The determination of whether a person is resident or non-resident falls under Section 6 of the Act, while the scope of their taxable income is governed by Section 5. Therefore, although the words “any person” in Section 194-IA appear broad, they cannot be interpreted in isolation to impose tax deduction obligations on non-residents lacking presence or business connections in India. Legislative clarity and territorial nexus remain fundamental principles in determining the extent of tax compliance obligations under the Act.

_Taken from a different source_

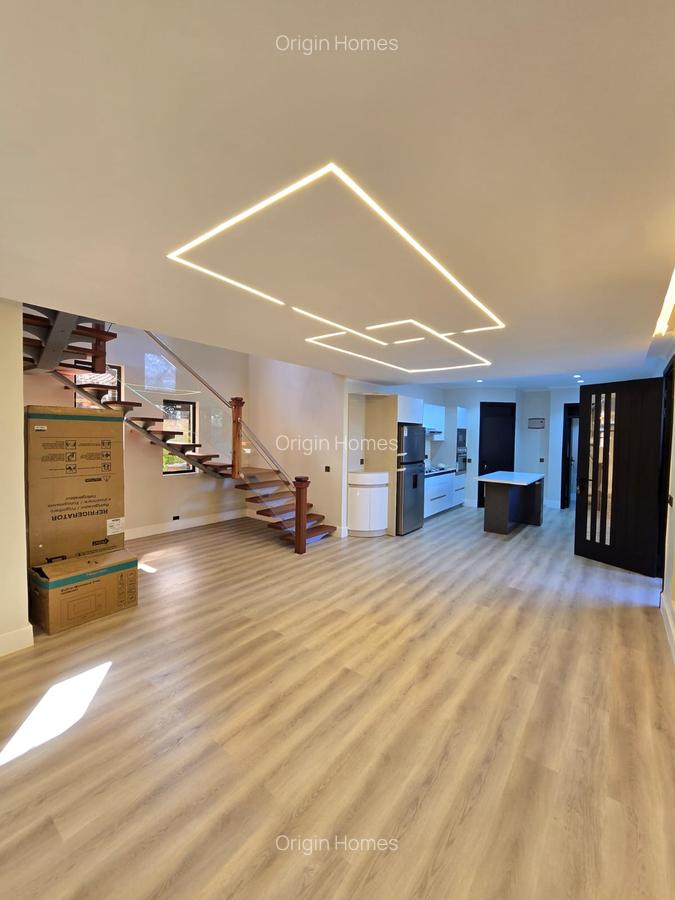 3 Bed House with En Suite at Gigiri - 5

Since Section 194-IA was introduced primarily to trace high-value property transactions and to bring transparency into the real estate sector, its core objective is informational in nature. However, even in the absence of TDS compliance under Section 194-IA, such transactions remain traceable through the alternative reporting mechanism prescribed under Section 285BA of the Act, read with Rule 114E of the Income-tax Rules, which mandates sub-registrars to report transactions of ₹30 lakh or more. This ensures that the tax department obtains visibility into significant property deals, reducing the necessity to impose TDS compliance obligations on non-resident buyers who lack any presence or business connection in India.

Role of DTAA

Since the purchase of property in India by a non-resident buyer does not result in any income in the hands of the buyer and given that TDS obligations are imposed purely under domestic tax law, there is no need to refer to Double Taxation Avoidance Agreements (DTAAs) for determining whether Section 194-IA applies to such transactions. The DTAA provisions allocate taxing rights over capital gains to India but do not impose any obligation on non-resident buyers to deduct tax at source. Therefore, the analysis of Section 194-IA’s applicability to non-resident buyers remains solely within the realm of domestic Indian law.

Conclusion

In view of above, a non-resident buyer of immovable property located in India is not liable to deduct tax at source under Section 194-IA, unless such buyer has a Permanent Establishment or a Business Connection in India. Inbound transactions by non-residents situated wholly outside Indian territory are not intended to be subject to TDS under the Act.

Further, Rule 114B of the Income-tax Rules states that PAN must be quoted by both the seller and the buyer in case of sale or purchase of immovable property where the value exceeds ₹10 lakhs. This may create an obligation on the non-resident buyer to obtain a PAN in India, purely for the purpose of reporting the transaction, even though there is no TDS liability under Section 194-IA.